Data for this task
'''
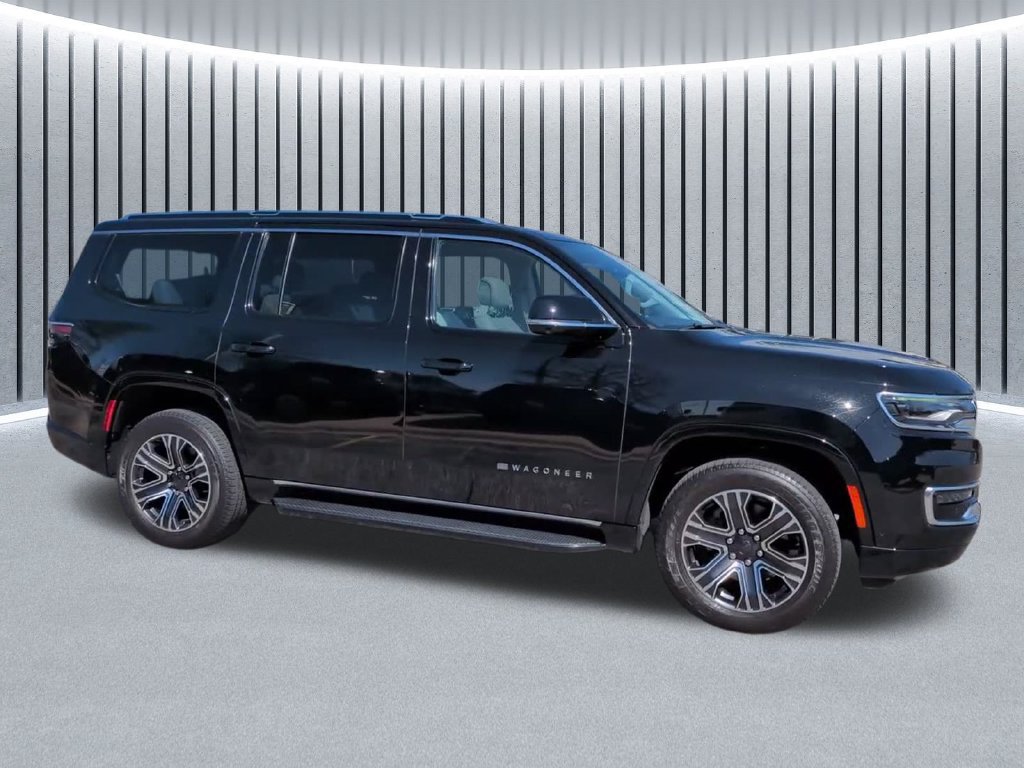 Used 2024 Jeep Wagoneer 4WD w/ Premium Group I image 3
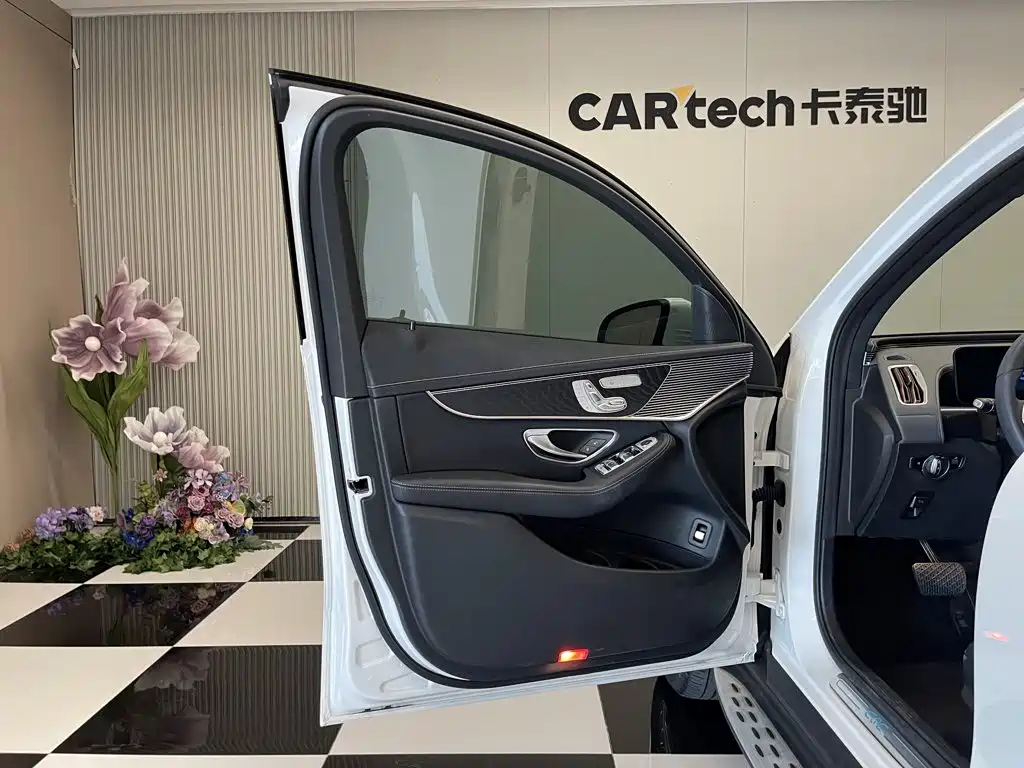 Mercedes-Benz EQC 2022 — фото 15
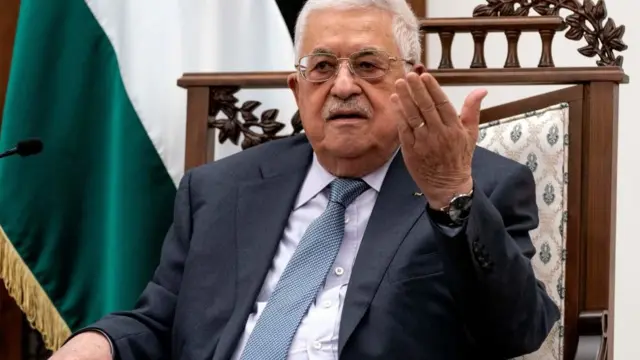 محمود عباس شانزده سال بیشتر از دوره چهارساله خود در قدرت بوده است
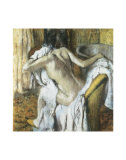 Mujer secándose después del baño Láminas por Edgar Degas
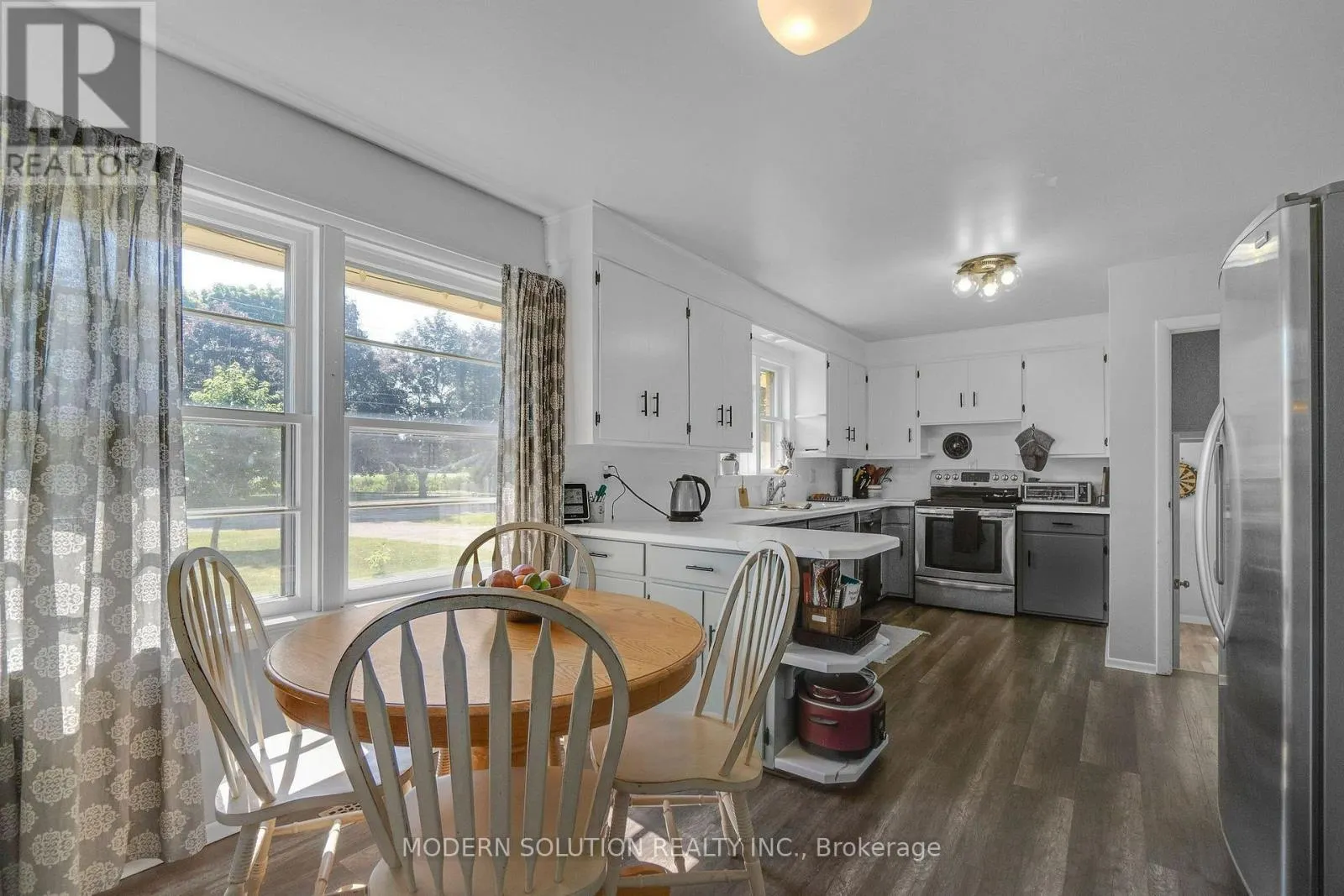 124 NORTHSIDE DRIVE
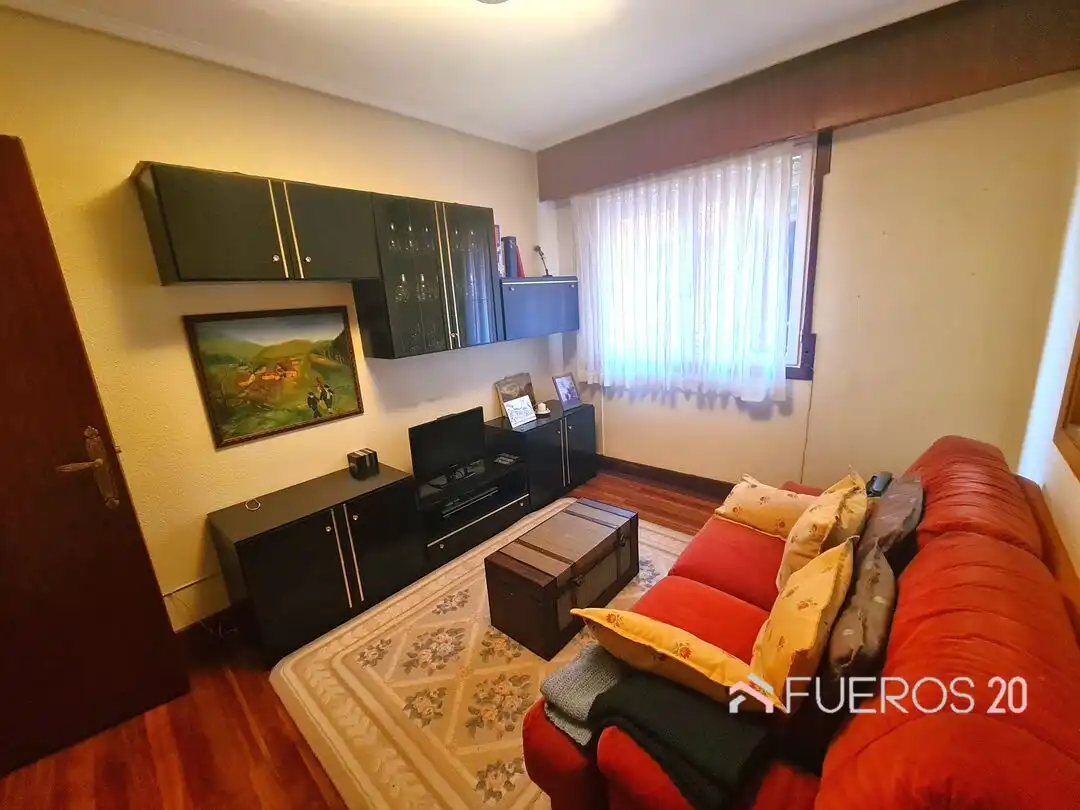 Sala de estar de Piso en venta en Barakaldo  con Calefacción, Terraza y Trastero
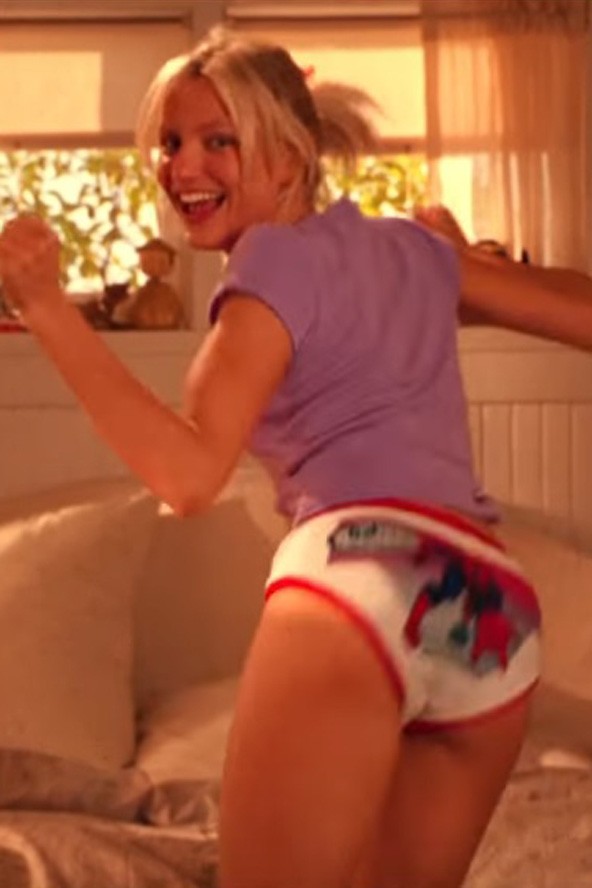 8 bugyi, ami nem hiányozhat a szekrényedből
'''
Brief
Only the text of the listing above is wanted, transcribed exactly, without its images.

Solution below
 Used 2024 Jeep Wagoneer 4WD w/ Premium Group I image 3
 Mercedes-Benz EQC 2022 — фото 15
 محمود عباس شانزده سال بیشتر از دوره چهارساله خود در قدرت بوده است
 Mujer secándose después del baño Láminas por Edgar Degas
 124 NORTHSIDE DRIVE
 Sala de estar de Piso en venta en Barakaldo  con Calefacción, Terraza y Trastero
 8 bugyi, ami nem hiányozhat a szekrényedből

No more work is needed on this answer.